# ACTION ITEM:
Leaving out pictures, output exactly the lines below from the one that has "Travelers use kiosks" through the one that has "A modern kitchen", and nothing else.

====== DATA FOR PROCESSING ======

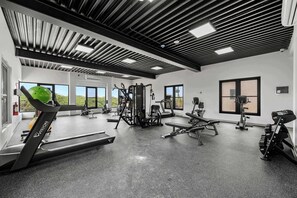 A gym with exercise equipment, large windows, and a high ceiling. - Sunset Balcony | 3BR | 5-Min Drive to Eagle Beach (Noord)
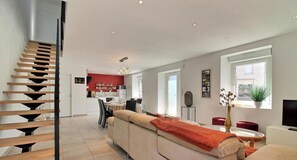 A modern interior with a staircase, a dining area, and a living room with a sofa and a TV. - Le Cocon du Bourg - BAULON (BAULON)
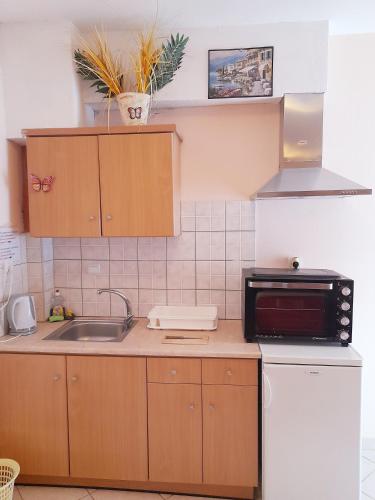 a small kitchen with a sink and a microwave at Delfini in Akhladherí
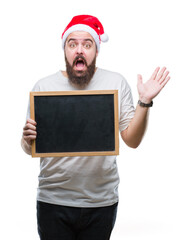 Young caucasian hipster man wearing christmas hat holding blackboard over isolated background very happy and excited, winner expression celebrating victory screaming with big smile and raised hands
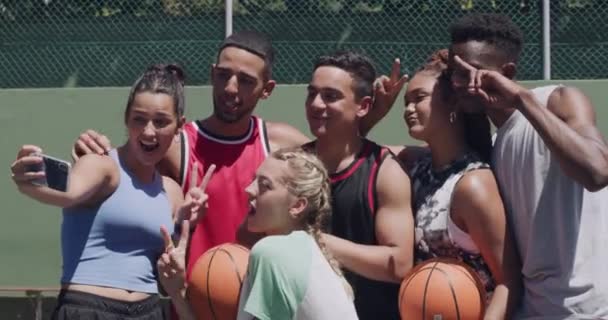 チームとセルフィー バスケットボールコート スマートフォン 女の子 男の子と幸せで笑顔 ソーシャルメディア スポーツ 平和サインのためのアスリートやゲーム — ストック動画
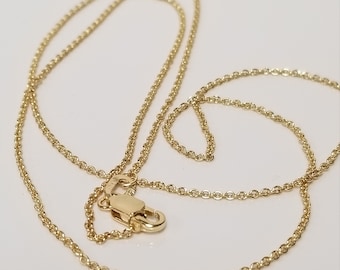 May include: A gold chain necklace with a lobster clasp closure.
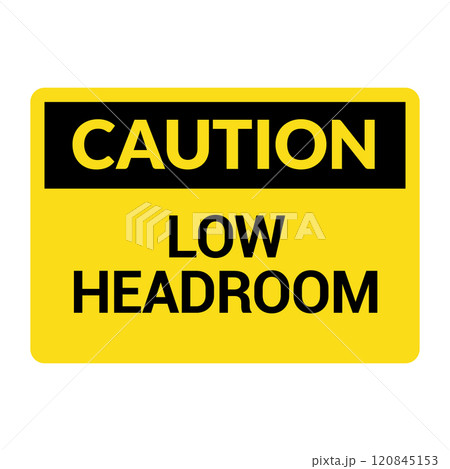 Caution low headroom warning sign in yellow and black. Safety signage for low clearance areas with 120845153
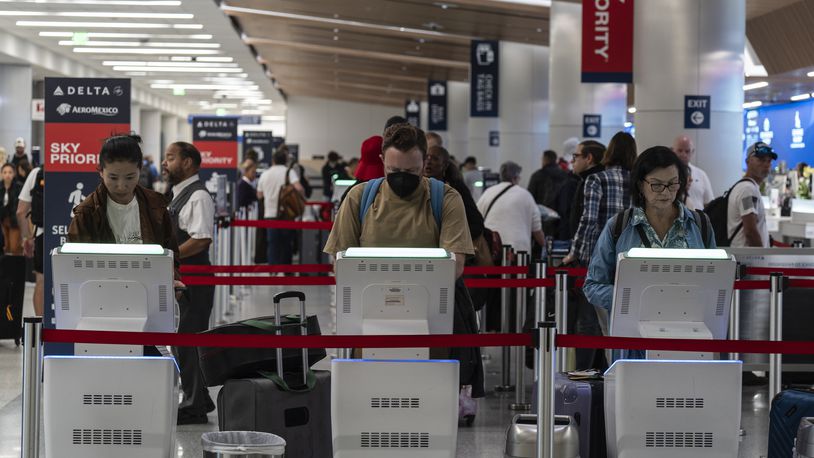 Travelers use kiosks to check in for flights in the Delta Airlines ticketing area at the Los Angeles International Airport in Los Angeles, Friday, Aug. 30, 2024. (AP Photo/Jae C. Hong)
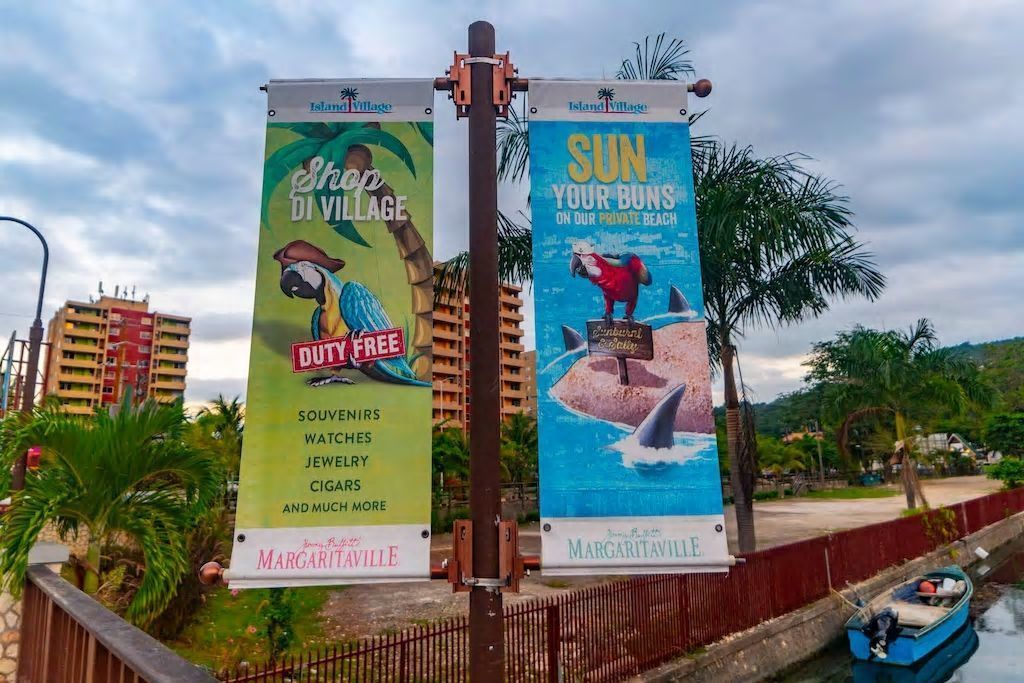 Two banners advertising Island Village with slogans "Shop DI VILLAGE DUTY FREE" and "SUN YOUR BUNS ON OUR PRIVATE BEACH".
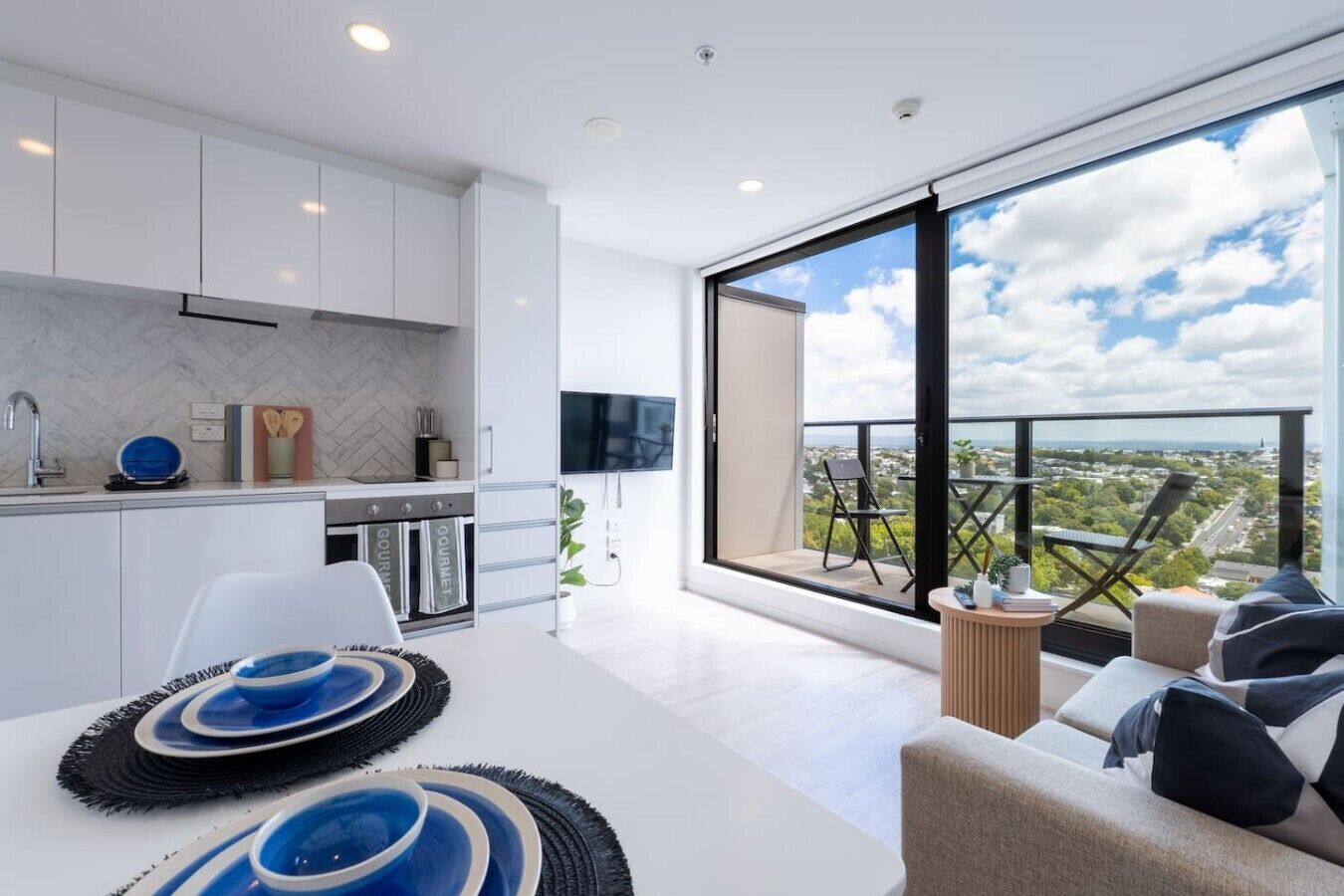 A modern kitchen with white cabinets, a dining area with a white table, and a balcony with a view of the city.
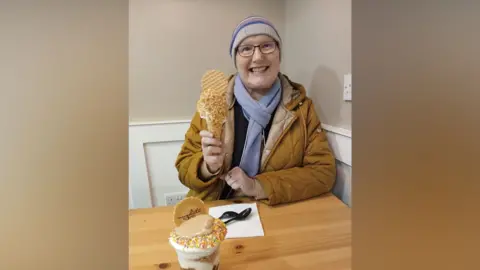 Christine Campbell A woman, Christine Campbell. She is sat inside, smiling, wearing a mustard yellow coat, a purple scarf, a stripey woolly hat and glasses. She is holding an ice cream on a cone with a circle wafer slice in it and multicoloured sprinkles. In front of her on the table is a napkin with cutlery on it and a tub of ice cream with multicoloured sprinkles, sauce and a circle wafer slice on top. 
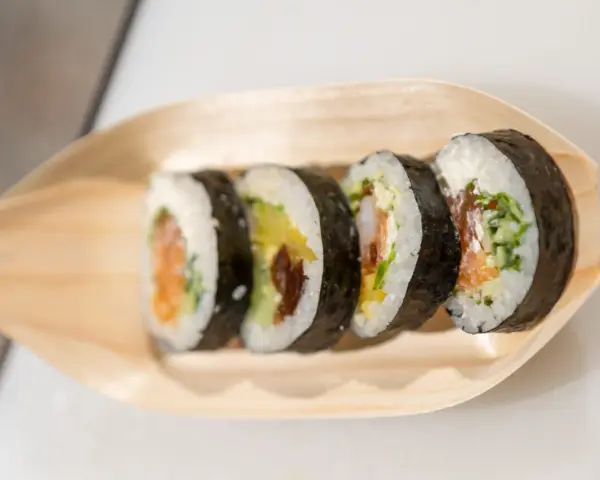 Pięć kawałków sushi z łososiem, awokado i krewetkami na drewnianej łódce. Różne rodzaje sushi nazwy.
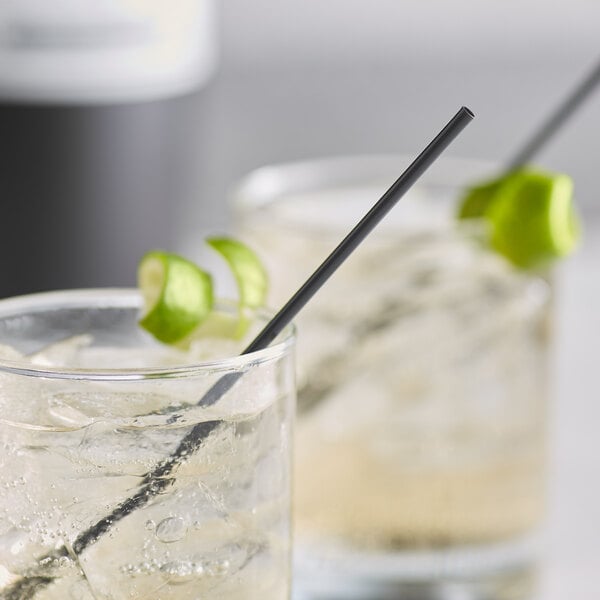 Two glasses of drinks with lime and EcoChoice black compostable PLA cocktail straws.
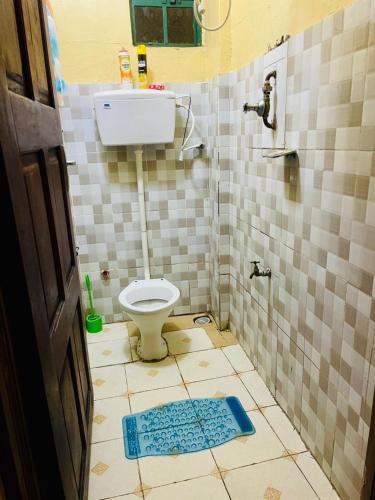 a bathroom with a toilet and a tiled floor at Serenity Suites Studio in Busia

======

# COMPLETED TASK:
 Travelers use kiosks to check in for flights in the Delta Airlines ticketing area at the Los Angeles International Airport in Los Angeles, Friday, Aug. 30, 2024. (AP Photo/Jae C. Hong)
 Two banners advertising Island Village with slogans "Shop DI VILLAGE DUTY FREE" and "SUN YOUR BUNS ON OUR PRIVATE BEACH".
 A modern kitchen with white cabinets, a dining area with a white table, and a balcony with a view of the city.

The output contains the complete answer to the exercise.